During the presentation, Hercules Jim, the leader of the team and final year Political Science student of UPNG made an early celebration for his graduation throwing a party with traditional mumu.
“It was my second time to deliver stationery in collaboration with my colleagues from my tribe, and this time I delivered 80 dictionaries,” Jim said.
“Those dictionaries were from my book allowances from the TESAS.”
EMTV Online was told that Hercules and his team had organised a volleyball competition for his tribe in January 2016 where a total of twenty teams competed for ten days. The competition ended with a barbecue, presentation of school materials and dedication prayer of students.
Jim says it was the first of its kind for a student to organise such event in his electorate, and province, and because it was towards 2017 election period, he faced a lot of criticisms from politicians.
Jim, whose village is located close to Banz Town which is the economic centre of Jiwaka Province claims his tribe to be known for underage pregnancies, and young men being badly influenced by home-brewed alcohol and marijuana consumption.
“We have a small marketplace called Sigirap Market, and this name says it all”.
Jim who is also the Highlands Students Representative at UPNG claims he and few lucky ones from his Village have made it through to the tertiary institutions.
“Now my biggest concern has been education and if we have an educated population, the living standards will rise.” reiterated Jim.
“When people are educated and have the information they need, then they will be in a better position to make better choices for themselves and their communities,”
Whilst presenting the dictionaries to students, Jim stressed that everyone has the potential to be better people; they just need the right motivation and environment to explore their potential.

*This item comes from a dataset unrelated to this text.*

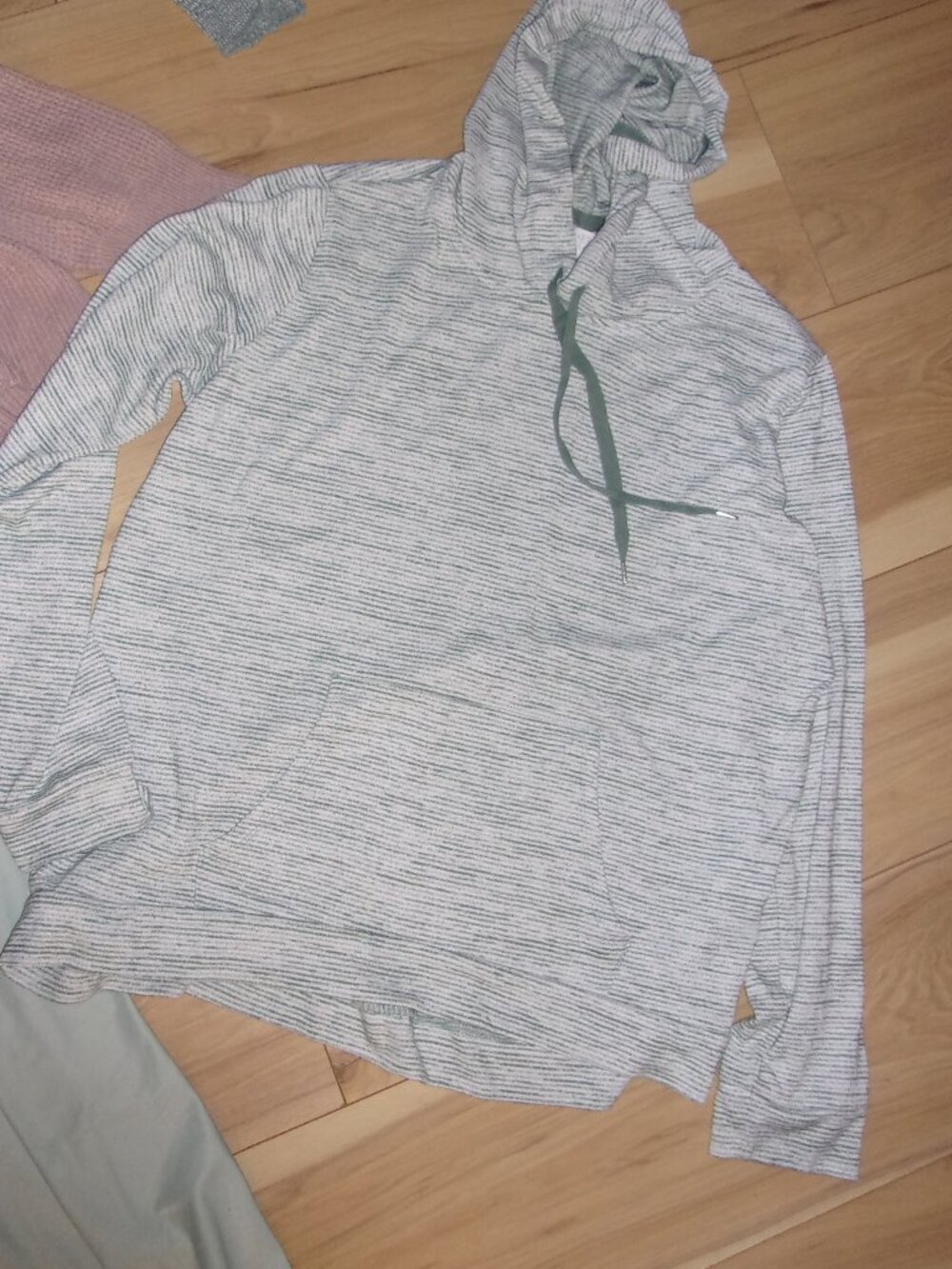 Market spruce size extra large womens shirt green tee t shirt hoodie - Picture 3 of 4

“I believe you do not need a million kina, or be a member of parliament nor hold a high position to make an influence, touch lives, and make the difference.”
Mr. Jim says the future of this nation depends on the young people, therefore the government, churches, NGOs and individuals wanting to build this nation should invest in young people.
“The change that we want, the answer that we seek and solution to our problem today are trapped inside our young people. If we lose this generation, we lose this nation.”
He continued to say young people in villages and suburbs are destroyed by pornography, drug, alcohol and other social issues that affect young people today.
Whilst thanking all the boys who helped in putting the event together, Jim says many children with great potential come from broken families with no moral and financial support. They need someone to believe in their dream, someone to remind them that they are born with a purpose, and this world needs what is instilled in them.
“An individual to give a hand and pull them up when they are down, somebody to challenge them with their success; I want to be that someone. I want to be the agent of change. Do you?”
Present during the event were students, parents, community and church leaders from Andapang tribe plus leaders from various surrounding tribes in North Waghi District.